**WHAT THE TASK REQUIRES**
Keep images out and repeat all data exactly.

**DATA SECTION**
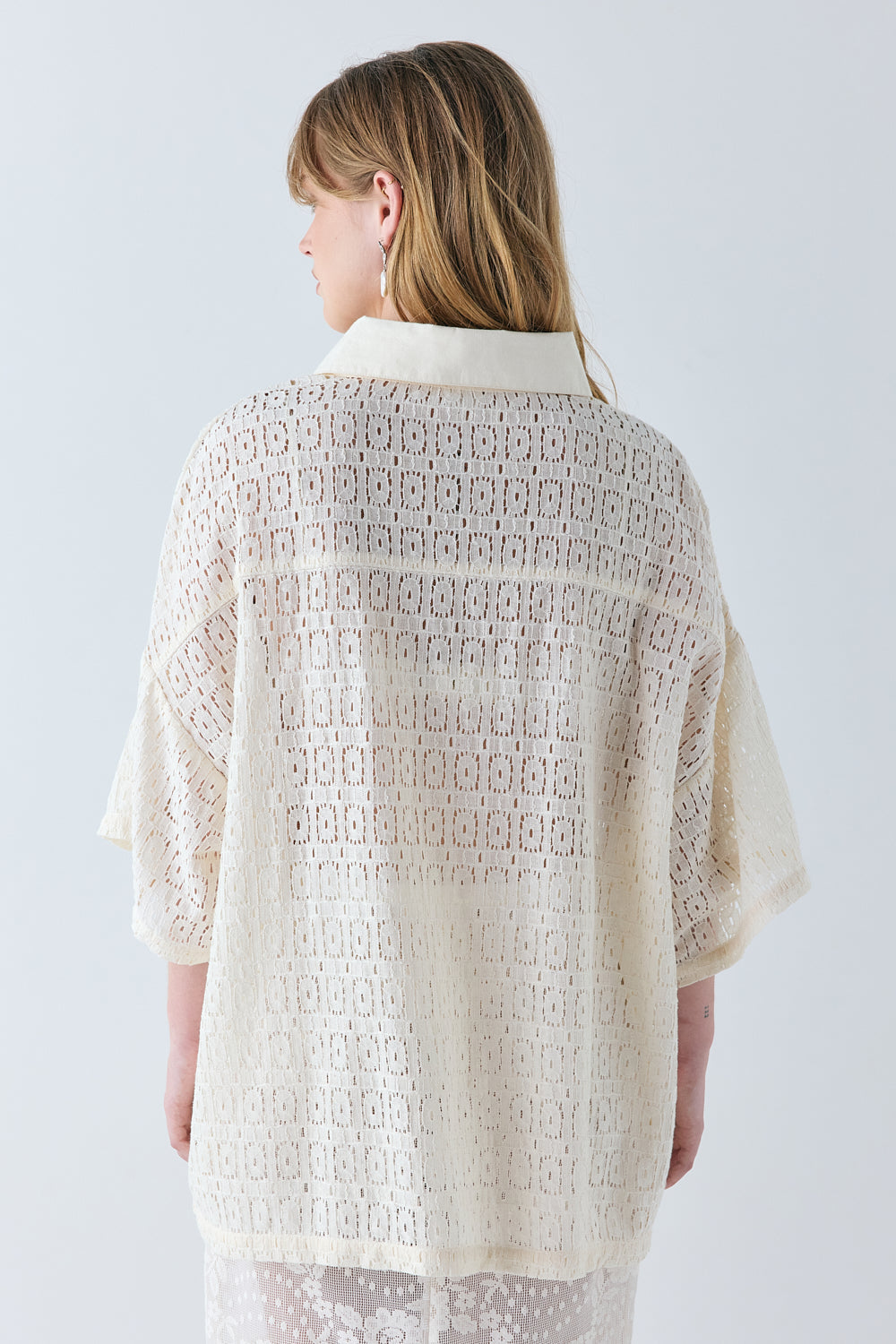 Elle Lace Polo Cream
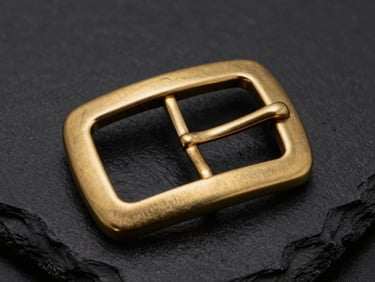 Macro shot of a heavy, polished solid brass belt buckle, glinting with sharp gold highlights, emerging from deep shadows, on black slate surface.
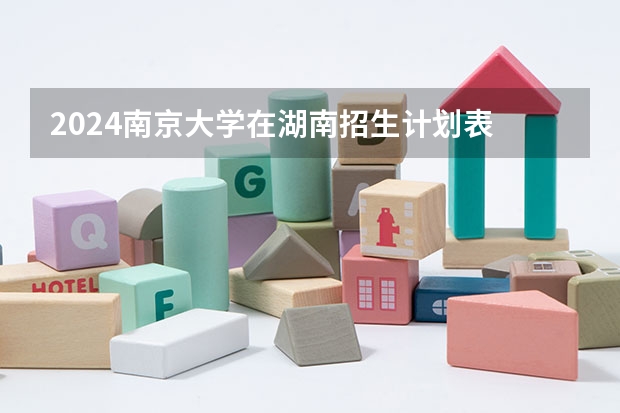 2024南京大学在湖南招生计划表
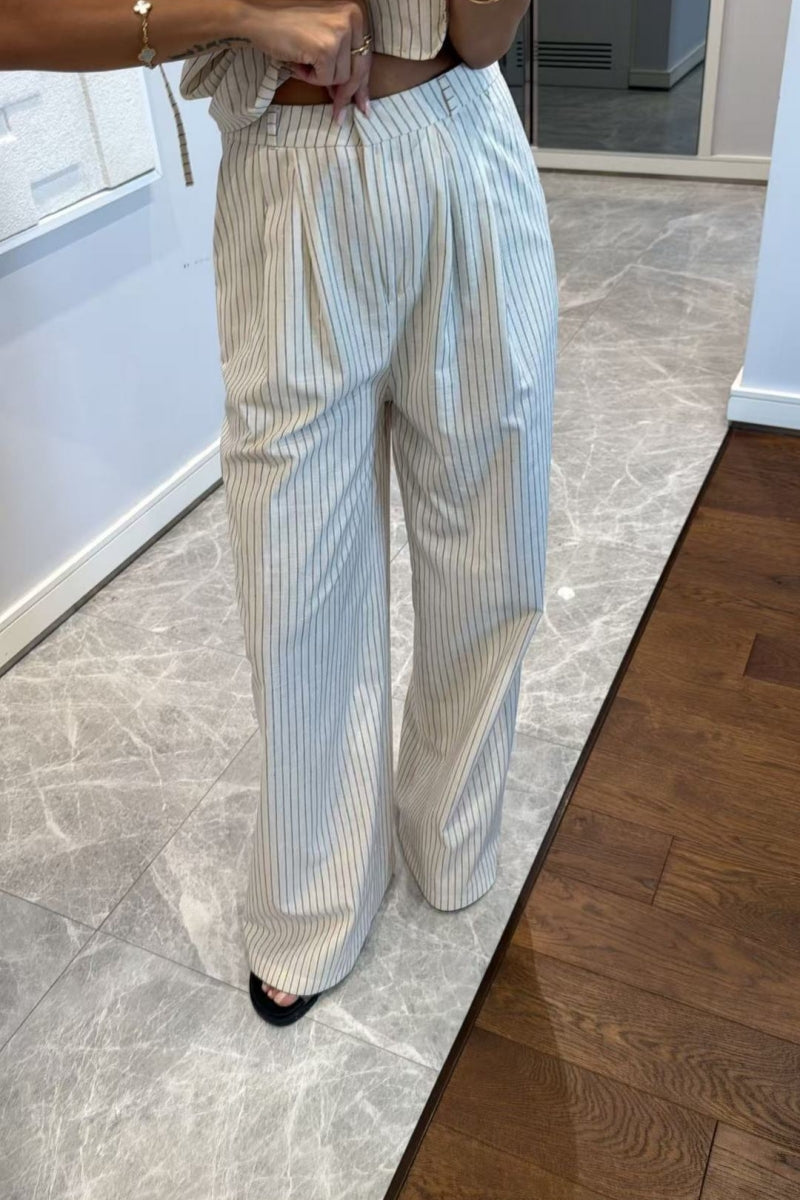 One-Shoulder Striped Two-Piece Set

**WORKED SOLUTION**
 Elle Lace Polo Cream
 Macro shot of a heavy, polished solid brass belt buckle, glinting with sharp gold highlights, emerging from deep shadows, on black slate surface.
 2024南京大学在湖南招生计划表
 One-Shoulder Striped Two-Piece Set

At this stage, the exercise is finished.